The 3DGS captures a frozen, static moment in time, but by embedding photos, videos, and sound at specific locations, the space comes alive. The viewer explores freely and discovers traces of life that once happened there. The space is the interface. Movement is the interaction. Memory is the content.
Narrative Structure: Build and Dismantle
A potential structure for the full experience:
- Opening: I recorded a timelapse of setting up this apartment when I first moved in. The space being built from nothing, furniture appearing, objects finding their places. This could be the entry point: watching the space come into existence.
- Experience: The viewer is inside the frozen 3DGS space, discovering memory fragments at different locations through movement.
- Closing: I also recorded the teardown when I moved out. The space being packed away, emptied, returned to nothing. The experience ends with disappearance.
This creates a full arc: creation, presence, disappearance. Which is exactly what happens to every space we live in.
Space Decay: The Space Dissolves as Memory Transfers
A concept that emerged from the 1-on-1 with Camila: as the viewer discovers more clips, the 3DGS space gradually decays. The particle count and size decrease, so the environment dissolves from high-fidelity to abstract particles.
The logic: once you’ve seen the clips and absorbed the memories, you don’t need the high-fidelity visual environment anymore. The feeling has already transferred to the viewer’s mind. The space can let go.
This connects the technical properties of 3DGS (controllable splat count and size) directly to the conceptual meaning of the work. The medium speaks to the message: memory is fleeting, spaces dissolve, what remains is feeling.

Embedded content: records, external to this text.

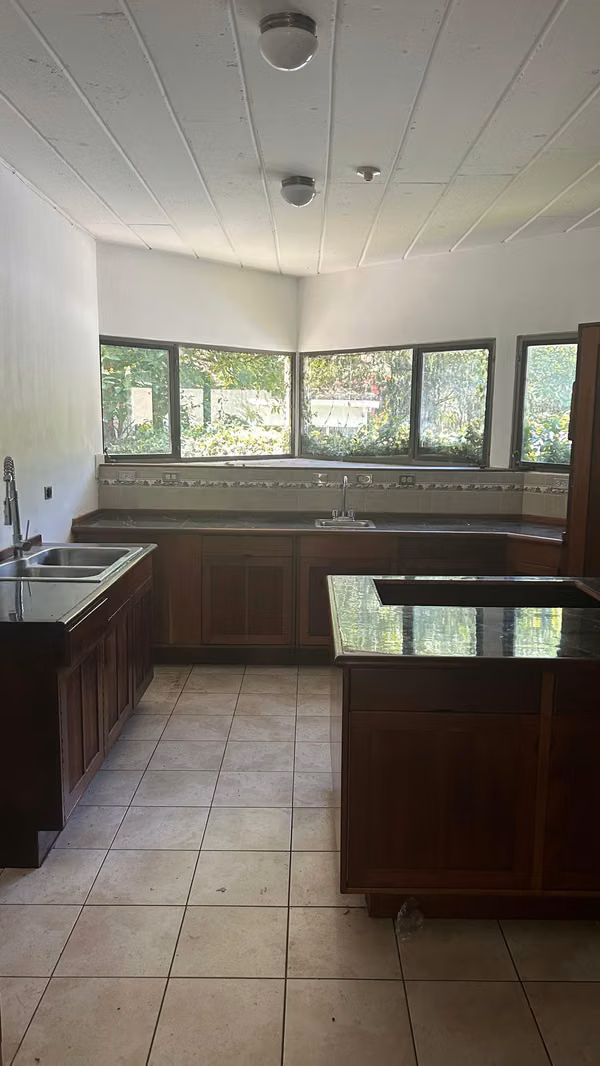 SALE HOUSE IN CASTLE WORK
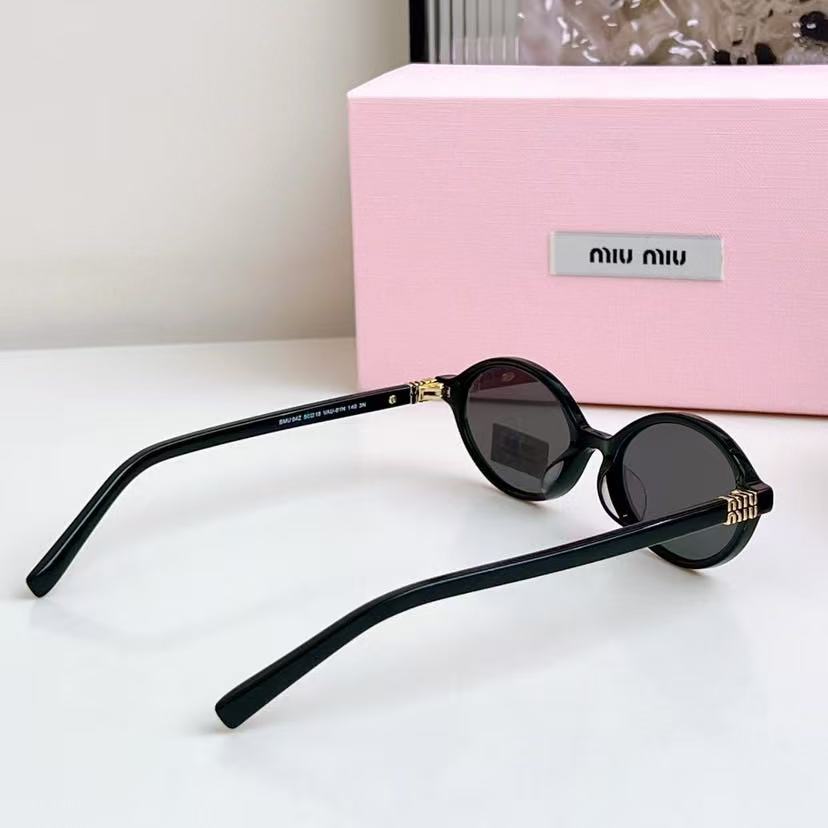 M style Sunglasses glasses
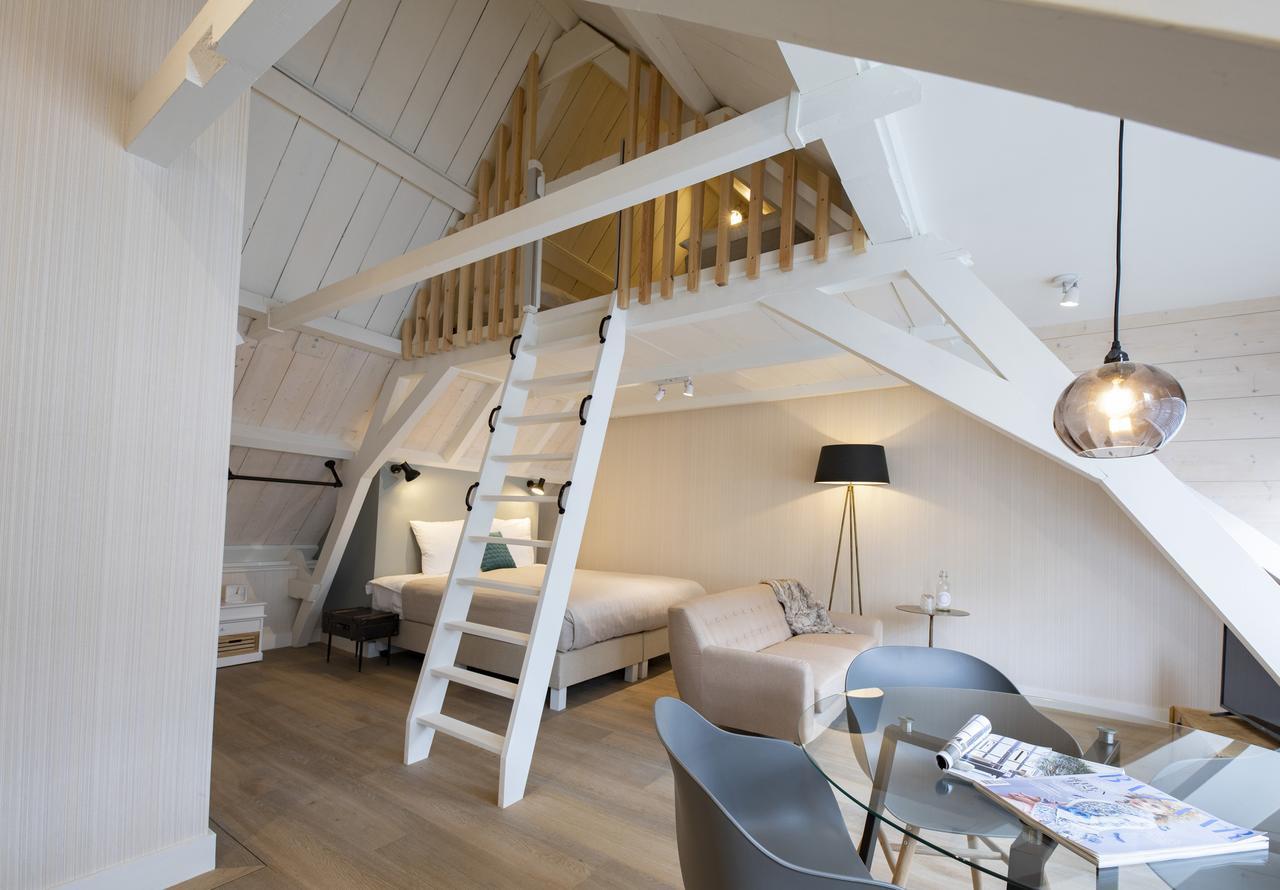 Family Suite with kitchenette and loft,769810720:JPEG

Questions for 1-on-1 (Camila)
Quick context: I’ve been testing my NYC apartment in VR (3DGS scan). When I entered, memories surfaced naturally, tied to specific locations. This led to an interaction concept: the viewer walks through the space, and location-triggered clips (video, photo, sound) from my life there appear at the spots where they happened. The space is the interface, movement is the interaction.
Questions:
- Direction check: Does “re-entering a lived space through 3DGS + VR, with location-triggered memory fragments” feel focused enough as a thesis direction?
- Demo Day (3/11): What level of completion would you expect? I’m planning to show the NYC apartment space with initial location-triggered clips and the build/dismantle arc.
Plan: Weeks 3-7 (Toward Demo Day)
Core principle: making is thinking. Don’t wait until the concept is fully formed to start. Entering the space IS the thinking process.
Week 3 (2/9 - 2/15)
- 1-on-1 with Camila: share VR test findings and interaction concept
- Collect and catalog all existing clips (photos, videos, audio) from the NYC apartment, organized by location
- Prototype location-triggered interaction: walk to a spot, fragment appears
- Edit documentation video (Meta Quest + Insta360 footage)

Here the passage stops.